To date, the subject of transformation of the global financial system has been neglected in the historiography of the collapse of the USSR. Meanwhile, the transition to the Kingston system of organization of finance could not but affect the global rivalry of the superpowers. Financial resources have played in this struggle, at least, not the last role. It is in the depletion of this component of the resource base that many researchers discover the reason for the defeat of the USSR in the “cold war”. A little more than ten years separated Kingston from the collapse of the Soviet statehood. The interrelation of the transition to the Kingston system with the financial exhaustion of the Soviet Union is in the mode of rigid causal-effect dependence. The meaning of the rejection of the gold supply model was determined not so much by the tasks of financial security (a reaction to the trick of Charles de Gaulle, which required a one-time gold cashing of a colossal dollar mass), but rather by an attitude to create a mechanism for global expansion.
Earlier, the money should have been related to the country's stock of precious metals, now the emission of the same dollars could have any scale. The scale was not determined by the power of the real economy, but by its image. Image parameters, as it is known, are shaped by propaganda, i.e. again by means of non-force impact. The American printing press was turned on after Kingston in full swing. At the same time, the propaganda system of the United States has repeatedly increased its momentum.
At the same time, the leadership of the USSR, bound by imposed stereotypes about the threats of inflation, for a long time refrained from emission mechanisms. Instead of promoting the success of the Soviet economy, a campaign of self-criticism was launched. The “Searchlight of Perestroika” program was broadcast daily on the screens of central television, exposing the systemic flaws of the state, ultimately reducing the rating of its investment attractiveness, and, accordingly, the strength of the ruble's positions. The actions of the USSR in the crucial stage of the Cold War turned out to be directly opposed to the actions of the United States. As a result, the Americans simply "crushed" their opponents in financial and propaganda terms.

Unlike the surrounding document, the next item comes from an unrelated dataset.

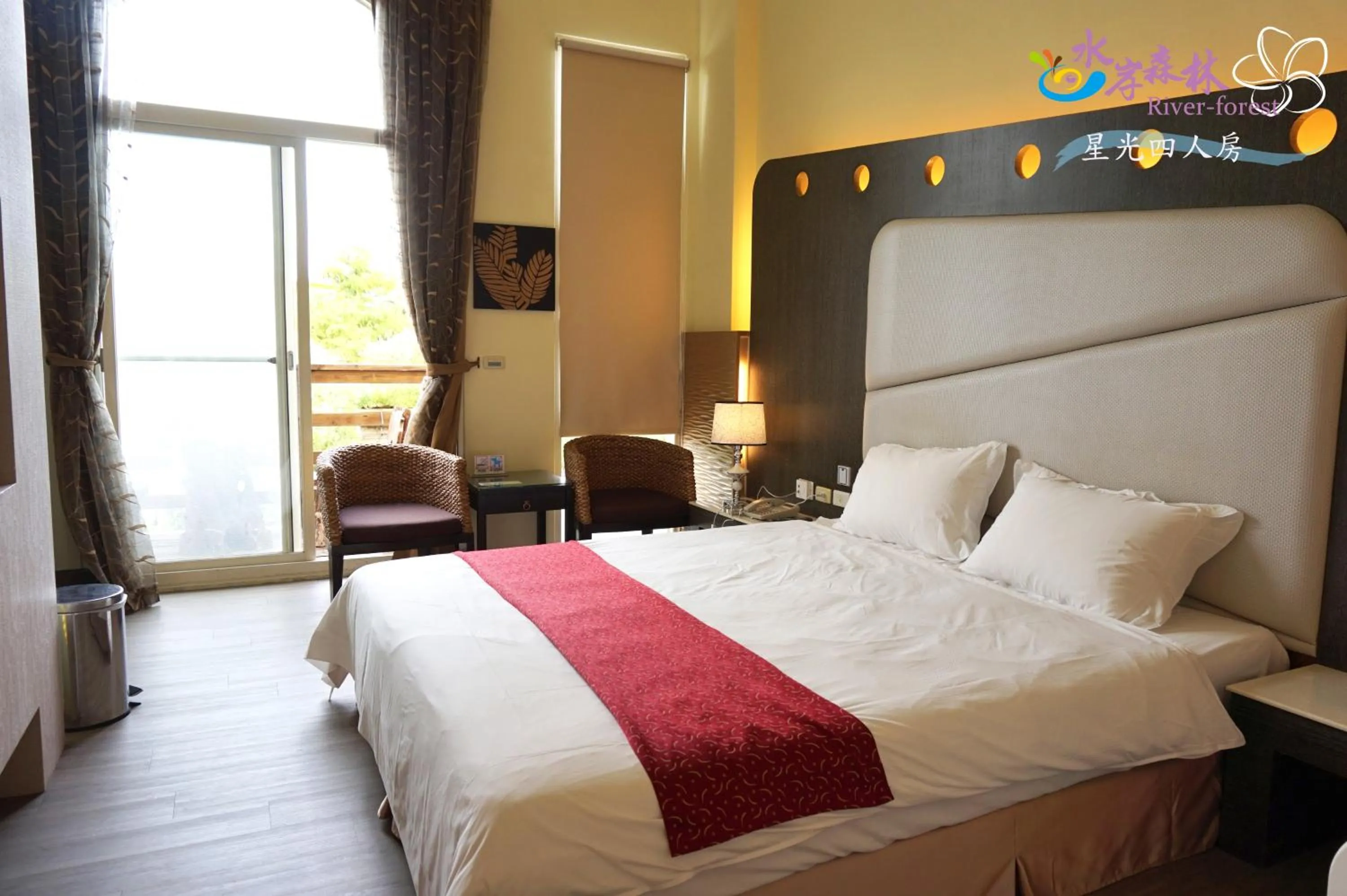 Bedroom, Bed in River Forest Leisure Farm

The disorganization of the institutional level of power can lead to the destruction of statehood. There are examples in history when the presence of the genius of a national leader and an active political team, with a deficit of other components of the viability of states, turned out to be a factor in saving the corresponding society. On the contrary, one of the ways of randomization is to ensure the superfluidity of personnel rotations. It was in this way that on the eve of the February Revolution, the executive power of the Russian Empire was paralyzed. The process was called “ministerial leapfrog”. It is characteristic that it was organized during the war, when, it would seem, a change in the management team is strictly contraindicated. The goal pursued by the replacement of the minister in each specific case was determined by the aim to optimize the system, but on the whole this led only to its imbalance.

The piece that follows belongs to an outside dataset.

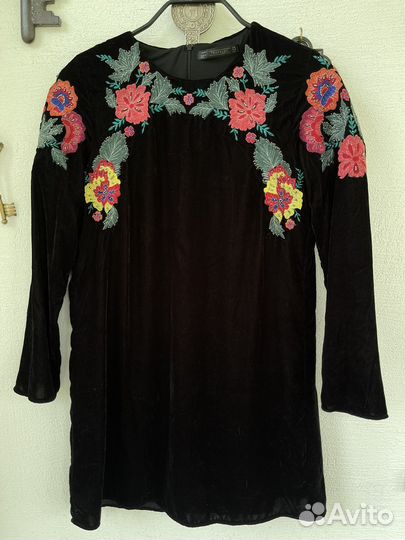 Бархатное платье Zara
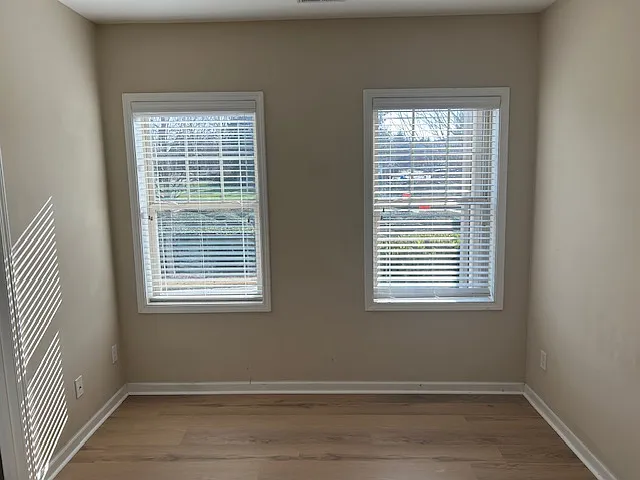 631 Greencrest Ln — Photo 23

Institutional revolution was, apparently, one of the most important factors in the death of the USSR. From a certain time the number of Soviet ministers began to grow rapidly. Functionally, it looked quite justified. The more ministries, the higher their specialization. However, in the end, by the end of the Brezhnev rule, they turned out to be 70 (not counting the 24 state committees). With so many ministries, the overall management system was paralyzed.
By analogy with the "oil slide" in the management sphere, a kind of "institutional slide" has developed. The analogies continued when, during the period of Gorbachev's reform, it promptly collapsed. In the logic of the proclaimed struggle against bureaucracy, the number of ministries was almost halved by 1989. There was a functional management crisis. He was a double reduction of ministries and could not arise. Many areas were de facto not manageable. Institutional chaos generated appropriate impulses to society. USSR ceased to exist. The reduction in the number of ministries, meanwhile, was continued in the post-Soviet period of Russian history.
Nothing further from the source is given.